Postgres Interface#

Postgres is the primary supported backend for PostBOUND. Historically, it was the first and only supported backend and has influenced the overall design of the database abstraction. The Postgres backend was eventually generalized into the database abstraction. Therefore, all features of the database abstraction are supported by the Postgres backend. Additionally, the Postgres backend provides a number of features that make working with a Postgres server easier. Since these are specific to Postgres, they are not part of the general database abstraction. This document outlines the general usage as well as the special features of the Postgres backend.

Setup#

To use the Postgres backend, you need a running Postgres server. To make use of the hinting functionality, this server must at least have the pg_hint_plan extension installed and enabled. For more advanced hinting features, we recommend using pg_lab. In addition to the pg_hint_plan hints, pg_lab provides support for base table cardinalities and reliable support for memoize operators, materialize operators, and parallel execution of subplans.

To connect to the Postgres server, you need to provide the connection parameters either via a connection string or (recommended) via a config file. See the connect() function for details. The Postgres interface will detect the available hinting mechanism automatically.

The PostBOUND repository contains utility scripts to setup a local Postgres server with pg_hint_plan from scratch. These are located in the db-support/postgres directory. The postgres-setup.sh script will install Postgres, create a new database cluster, and setup a Postgres server with the pg_hint_plan extension enabled. The postgres-config-generator.py utility will generate an optimized Postgres configuration based on your hardware based on PGTune. Finally, the workloadXYZ-setup.sh scripts will create commonly-used database instances such as IMDB/JOB, Stats, or Stack on your Postgres server.

Usage#

The Postgres backend is available from the postgres module. You can create a connection to a Postgres server using the connect() function. The returned database instance functions like any regular postbound.Database interface:

import postbound as pb

pg_instance = pb.postgres.connect(config_file="pg-connect.toml")
job = pb.workloads.job()
pg_instance.execute_query(job["1a"])

Supported Backend Features#

Feature

Status

Query Execution

fully supported

Query Execution with timeouts

fully supported

Schema interface

fully implemented

Statistics interface

fully implemented

EXPLAIN parsing and query plan extraction

fully supported

EXPLAIN ANALYZE plans

fully supported

Extraction of cardinality estimates

fully supported

Extraction of cost estimates

fully supported

Plan hinting

fully supported

Advanced Backend Features#

In addition to the standardized database abstraction features, the Postgres backend provides the following additional features:

Query Plans#

To obtain DuckDB query plans, you can either use the query_plan() method or parse the EXPLAIN output manually using PostgresExplainPlan. Both options yield the same results:

# obtain a query plan directly:
plan = pg_instance.optimizer().query_plan(job["1a"])

# this is equivalent to:
explain_query = pb.transform.as_explain(job["1a"])
raw_plan = pg_instance.execute_query(explain_query)
equivalent_plan = pb.postgres.PostgresExplainPlan(raw_plan)

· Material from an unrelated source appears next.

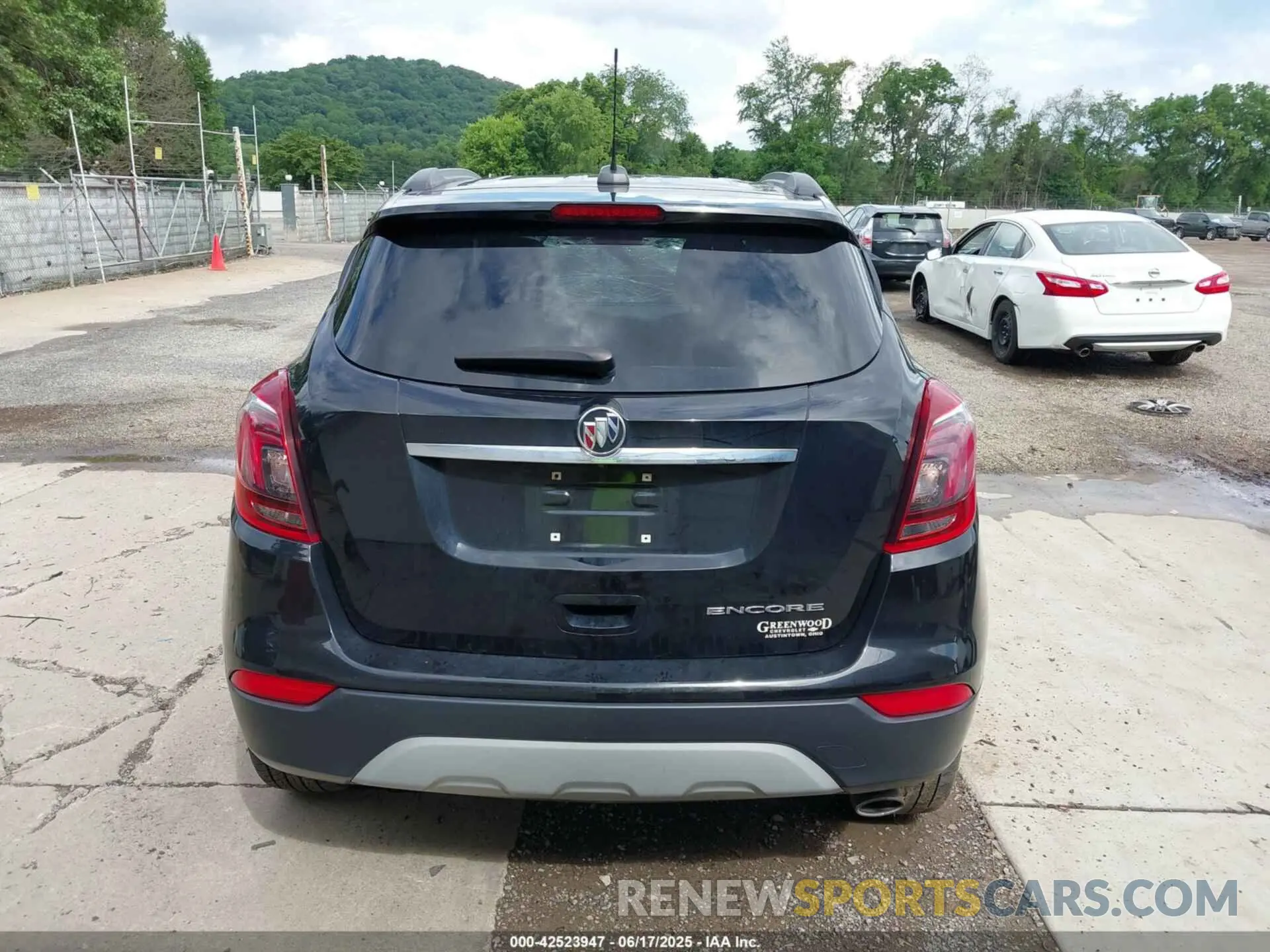 17 Photograph of a damaged car KL4CJASB1KB824525 BUICK ENCORE 2019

Optimizing the Server Configuration#

The PostBOUND repository contains a utility script db-support/postgres/postgres-config-generator.py that generates an optimized Postgres configuration based on your hardware. The script uses rules from PGTune. The script outputs an SQL file that contains the necessary ALTER SYSTEM commands to modify the postgresql.conf. Please note that these are just heuristics that might not be optimal for your workload. Furthermore, the settings are intended for a dedicated database server and a single user, single query at-a-time scenario.

One fragile aspect of the script is figuring out whether the database is stored on an SSD or HDD. If the script misdetects the storage type or raises an error, you can manually specify it via --disk-type.

Hinting Backends#

The PostgresInterface supports two different hinting backends: the widely-used pg_hint_plan and the research-focused pg_lab. pg_lab is a fork of vanilla Postgres that adds additional extension points to the server. These extension points allow to control optimizer internals in a fine-grained manner. The hinting extension shipped with pg_lab uses these extension points to provide more reliable and more detailed hinting features compared to pg_hint_plan.

Upon establishing a server connection, the Postgres interface automatically detects which hinting backend is available on the server and adjusts its hinting dialect used in generate_hints() accordingly. If for some reason you want to change the current hinting dialect, you can do so via the backend attribute available via hinting().